SOURCE DATA —
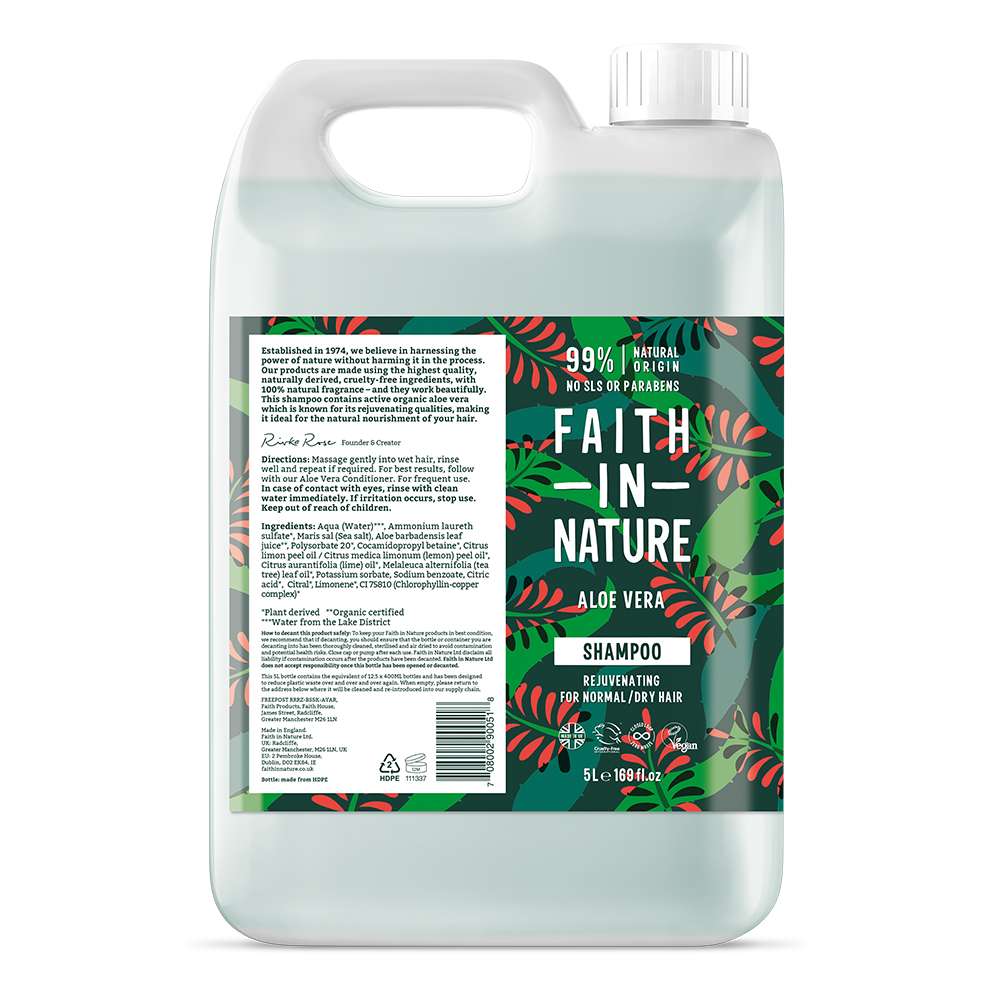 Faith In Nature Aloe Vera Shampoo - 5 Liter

...

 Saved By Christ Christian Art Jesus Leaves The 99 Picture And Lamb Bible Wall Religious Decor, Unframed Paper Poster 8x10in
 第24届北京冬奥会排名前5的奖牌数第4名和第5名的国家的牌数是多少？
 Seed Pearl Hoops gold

INSTRUCTIONS TO FOLLOW —
From the data above, return every line from the line that has "Saved By Christ" up to and including the line that has "Seed Pearl Hoops gold", exactly.

OUTPUT —
 Saved By Christ Christian Art Jesus Leaves The 99 Picture And Lamb Bible Wall Religious Decor, Unframed Paper Poster 8x10in
 第24届北京冬奥会排名前5的奖牌数第4名和第5名的国家的牌数是多少？
 Seed Pearl Hoops gold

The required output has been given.